### What to produce
If a line in the entries contains the word "Hair", list it.

------ Supplied records

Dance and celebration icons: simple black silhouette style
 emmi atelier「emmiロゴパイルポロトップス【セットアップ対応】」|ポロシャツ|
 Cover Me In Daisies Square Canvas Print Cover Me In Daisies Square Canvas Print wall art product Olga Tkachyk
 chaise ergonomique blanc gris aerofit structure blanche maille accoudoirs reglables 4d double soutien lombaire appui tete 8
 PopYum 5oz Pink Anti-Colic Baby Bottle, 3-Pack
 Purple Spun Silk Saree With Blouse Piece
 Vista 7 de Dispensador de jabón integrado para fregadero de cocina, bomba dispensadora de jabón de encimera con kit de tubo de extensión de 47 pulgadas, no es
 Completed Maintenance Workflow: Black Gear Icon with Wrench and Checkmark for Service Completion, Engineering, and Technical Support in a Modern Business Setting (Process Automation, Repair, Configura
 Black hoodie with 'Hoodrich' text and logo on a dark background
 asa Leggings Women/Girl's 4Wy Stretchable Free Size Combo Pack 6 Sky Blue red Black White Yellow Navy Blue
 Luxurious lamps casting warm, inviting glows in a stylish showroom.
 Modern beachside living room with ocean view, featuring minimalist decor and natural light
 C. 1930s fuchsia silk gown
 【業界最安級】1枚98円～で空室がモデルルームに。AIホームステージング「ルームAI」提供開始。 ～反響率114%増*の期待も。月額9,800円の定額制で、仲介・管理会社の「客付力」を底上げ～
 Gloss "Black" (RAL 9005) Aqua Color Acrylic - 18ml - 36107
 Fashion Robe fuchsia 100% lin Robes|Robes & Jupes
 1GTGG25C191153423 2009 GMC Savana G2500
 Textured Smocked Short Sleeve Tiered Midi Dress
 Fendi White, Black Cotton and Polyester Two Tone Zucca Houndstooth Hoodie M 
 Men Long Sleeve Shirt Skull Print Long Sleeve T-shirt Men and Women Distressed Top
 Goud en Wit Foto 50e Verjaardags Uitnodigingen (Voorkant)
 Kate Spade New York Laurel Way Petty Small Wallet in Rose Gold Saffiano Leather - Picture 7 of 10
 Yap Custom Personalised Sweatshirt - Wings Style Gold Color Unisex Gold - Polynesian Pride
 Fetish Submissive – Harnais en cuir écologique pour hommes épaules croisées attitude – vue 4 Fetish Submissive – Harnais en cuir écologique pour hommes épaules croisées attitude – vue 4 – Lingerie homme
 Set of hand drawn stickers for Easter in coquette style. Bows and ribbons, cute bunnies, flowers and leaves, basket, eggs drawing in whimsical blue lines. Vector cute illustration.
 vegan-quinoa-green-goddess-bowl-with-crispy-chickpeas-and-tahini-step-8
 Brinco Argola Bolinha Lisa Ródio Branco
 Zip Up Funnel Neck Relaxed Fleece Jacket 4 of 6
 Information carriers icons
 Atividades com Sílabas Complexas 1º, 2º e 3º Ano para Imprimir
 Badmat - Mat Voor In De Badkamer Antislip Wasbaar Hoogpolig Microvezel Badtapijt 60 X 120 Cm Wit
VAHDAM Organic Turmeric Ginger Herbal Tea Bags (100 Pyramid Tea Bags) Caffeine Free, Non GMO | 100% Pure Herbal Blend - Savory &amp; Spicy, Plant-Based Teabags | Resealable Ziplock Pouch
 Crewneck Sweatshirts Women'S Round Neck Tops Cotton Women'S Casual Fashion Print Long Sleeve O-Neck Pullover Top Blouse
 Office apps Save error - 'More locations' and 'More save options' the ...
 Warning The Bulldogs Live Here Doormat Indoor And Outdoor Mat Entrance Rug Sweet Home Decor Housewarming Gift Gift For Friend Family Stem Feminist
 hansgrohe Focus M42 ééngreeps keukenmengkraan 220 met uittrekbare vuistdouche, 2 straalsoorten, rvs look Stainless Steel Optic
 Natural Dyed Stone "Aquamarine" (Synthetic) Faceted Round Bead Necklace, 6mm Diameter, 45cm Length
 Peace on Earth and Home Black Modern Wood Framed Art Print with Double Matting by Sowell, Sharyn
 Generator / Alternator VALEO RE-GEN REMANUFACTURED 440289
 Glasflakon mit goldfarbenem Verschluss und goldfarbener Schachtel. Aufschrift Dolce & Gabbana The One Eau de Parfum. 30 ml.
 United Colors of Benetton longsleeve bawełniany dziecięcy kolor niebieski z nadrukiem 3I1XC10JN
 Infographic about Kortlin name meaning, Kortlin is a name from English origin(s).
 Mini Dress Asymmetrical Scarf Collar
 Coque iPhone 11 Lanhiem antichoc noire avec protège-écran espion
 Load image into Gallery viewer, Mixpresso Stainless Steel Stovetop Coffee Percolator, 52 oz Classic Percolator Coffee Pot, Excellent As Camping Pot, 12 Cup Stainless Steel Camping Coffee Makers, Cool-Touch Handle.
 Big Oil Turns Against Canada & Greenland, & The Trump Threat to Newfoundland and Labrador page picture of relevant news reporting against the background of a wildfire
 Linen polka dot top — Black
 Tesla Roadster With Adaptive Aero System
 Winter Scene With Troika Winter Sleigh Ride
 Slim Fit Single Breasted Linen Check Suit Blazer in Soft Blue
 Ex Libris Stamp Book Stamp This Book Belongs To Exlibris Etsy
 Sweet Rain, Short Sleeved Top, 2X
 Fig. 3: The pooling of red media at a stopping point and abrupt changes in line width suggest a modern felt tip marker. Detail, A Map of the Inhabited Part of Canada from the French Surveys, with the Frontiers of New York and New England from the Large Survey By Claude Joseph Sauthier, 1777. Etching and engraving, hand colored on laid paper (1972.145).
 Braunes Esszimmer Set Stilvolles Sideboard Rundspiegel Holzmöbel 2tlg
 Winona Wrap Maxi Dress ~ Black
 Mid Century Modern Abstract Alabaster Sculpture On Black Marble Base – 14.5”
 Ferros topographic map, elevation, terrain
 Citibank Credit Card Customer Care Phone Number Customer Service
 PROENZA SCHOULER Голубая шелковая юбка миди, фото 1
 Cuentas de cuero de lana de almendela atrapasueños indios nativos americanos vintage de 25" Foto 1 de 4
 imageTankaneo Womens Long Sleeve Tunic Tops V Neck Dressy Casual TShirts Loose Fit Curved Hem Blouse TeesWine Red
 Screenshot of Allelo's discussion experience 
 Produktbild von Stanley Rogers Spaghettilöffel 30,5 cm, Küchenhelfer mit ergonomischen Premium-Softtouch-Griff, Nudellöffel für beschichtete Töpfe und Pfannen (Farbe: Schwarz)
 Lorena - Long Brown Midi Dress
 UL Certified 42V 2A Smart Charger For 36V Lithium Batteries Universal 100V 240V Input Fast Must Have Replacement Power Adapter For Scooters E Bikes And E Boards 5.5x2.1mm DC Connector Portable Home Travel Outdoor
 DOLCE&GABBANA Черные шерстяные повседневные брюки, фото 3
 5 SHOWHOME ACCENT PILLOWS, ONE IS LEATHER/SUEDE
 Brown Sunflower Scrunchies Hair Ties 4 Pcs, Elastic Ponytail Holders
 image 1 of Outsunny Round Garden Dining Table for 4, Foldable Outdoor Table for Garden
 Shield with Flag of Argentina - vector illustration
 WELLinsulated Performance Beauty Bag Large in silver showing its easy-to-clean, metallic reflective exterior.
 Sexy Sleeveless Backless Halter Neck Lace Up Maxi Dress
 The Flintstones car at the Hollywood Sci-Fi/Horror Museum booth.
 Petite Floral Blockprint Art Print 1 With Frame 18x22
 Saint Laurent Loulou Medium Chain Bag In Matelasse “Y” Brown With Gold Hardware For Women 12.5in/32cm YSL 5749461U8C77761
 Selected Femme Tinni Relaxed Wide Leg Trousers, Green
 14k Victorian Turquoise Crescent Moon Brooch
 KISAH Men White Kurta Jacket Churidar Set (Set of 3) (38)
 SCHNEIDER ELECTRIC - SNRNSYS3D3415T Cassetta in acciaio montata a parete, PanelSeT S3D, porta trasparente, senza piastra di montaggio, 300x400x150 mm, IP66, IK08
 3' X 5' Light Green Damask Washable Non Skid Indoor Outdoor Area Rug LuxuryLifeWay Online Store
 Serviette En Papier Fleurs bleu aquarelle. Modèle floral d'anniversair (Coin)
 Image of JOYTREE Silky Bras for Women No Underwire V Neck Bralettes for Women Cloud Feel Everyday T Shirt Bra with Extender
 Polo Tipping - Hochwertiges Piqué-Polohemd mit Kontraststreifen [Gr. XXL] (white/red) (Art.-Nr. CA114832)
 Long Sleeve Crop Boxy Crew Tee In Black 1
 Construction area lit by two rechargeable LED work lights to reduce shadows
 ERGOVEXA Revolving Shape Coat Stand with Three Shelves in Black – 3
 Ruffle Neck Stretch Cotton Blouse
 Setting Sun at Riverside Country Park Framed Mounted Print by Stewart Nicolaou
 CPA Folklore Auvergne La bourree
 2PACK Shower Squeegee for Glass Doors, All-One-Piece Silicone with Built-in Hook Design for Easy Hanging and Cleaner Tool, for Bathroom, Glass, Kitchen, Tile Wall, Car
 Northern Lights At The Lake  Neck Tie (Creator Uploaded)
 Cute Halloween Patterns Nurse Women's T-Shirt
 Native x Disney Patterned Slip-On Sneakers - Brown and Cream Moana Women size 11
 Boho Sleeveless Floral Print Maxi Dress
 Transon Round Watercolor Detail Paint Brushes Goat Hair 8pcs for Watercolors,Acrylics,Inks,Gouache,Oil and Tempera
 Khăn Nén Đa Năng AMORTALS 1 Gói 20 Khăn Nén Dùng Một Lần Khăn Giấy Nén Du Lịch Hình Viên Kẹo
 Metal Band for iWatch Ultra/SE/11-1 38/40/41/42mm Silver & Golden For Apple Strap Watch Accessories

------------

### The answer
 Brown Sunflower Scrunchies Hair Ties 4 Pcs, Elastic Ponytail Holders
 Transon Round Watercolor Detail Paint Brushes Goat Hair 8pcs for Watercolors,Acrylics,Inks,Gouache,Oil and Tempera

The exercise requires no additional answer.